Hello everyone,
I know we had quite some threads (read through lots of them) about background job processing but it remains a hotly debated topic and something especially people migrating over from other languages (especially the ones with a GIL like Ruby or Python) have questions about. A friendly company wanting to try out elixir just asked me whether or not they need a background job processing system and if yes which one, I couldn’t give them a great answer.
I thought I’d summarize my understanding, I’m not an expert by any means, and kick off some discussion. This is where you come in. I’d love all your input, especially if my understanding is correct and on what libraries/setups you might have used and recommend.
When to reach for a background job tool
“You don’t need background job processing in Elixir/Erlang” This is a sentiment I read a lot especially in the early days of this wonderful forum. I think it’s somewhat of a misunderstanding. No I don’t need background job processing systems just to achieve parallelism.

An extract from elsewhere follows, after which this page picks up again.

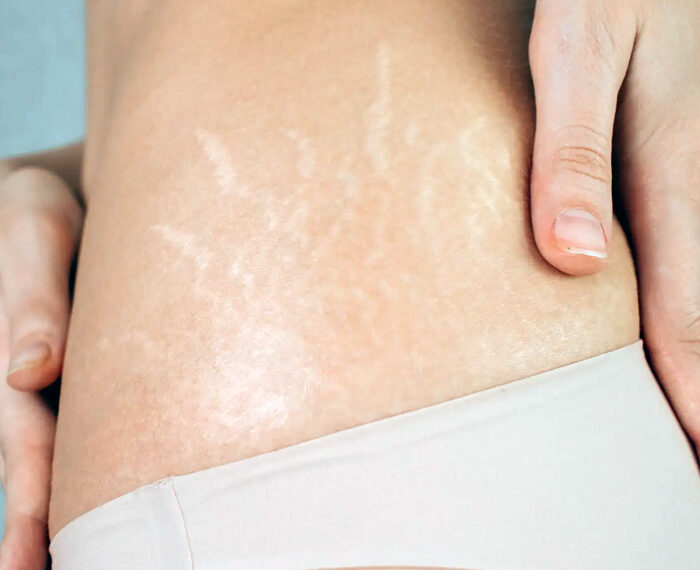 Estrías, un problema de difícil resolución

What can I easily do in parallel?
- I want to do n things in parallel and aggregate results, example: I want to get data from n different data sources (like recommendation engines) and then aggregate them -
Task.async
+Task.await
= - I just want something to happen but don’t care when it finishes - like for instance image processing, some updated caching data…
In summary, probably tasks that likely don’t fail/can be retried immediately and can be done right now, and you can afford to not turn the system off while they are executing. I know hot code upgrades are a thing, but from my understanding if you don’t absolutely need them they’re discouraged for complexity reasons.
What probably needs some more advanced system?
(please correct me if any of these are easily done in just elixir/erlang)
- I want the system to be robust to system restarts/system crashes (which shouldn’t happen right ) - because if these happen then you lose the job that was executing and not done (you can stop the server from shutting down afaik though, which helps for restarts)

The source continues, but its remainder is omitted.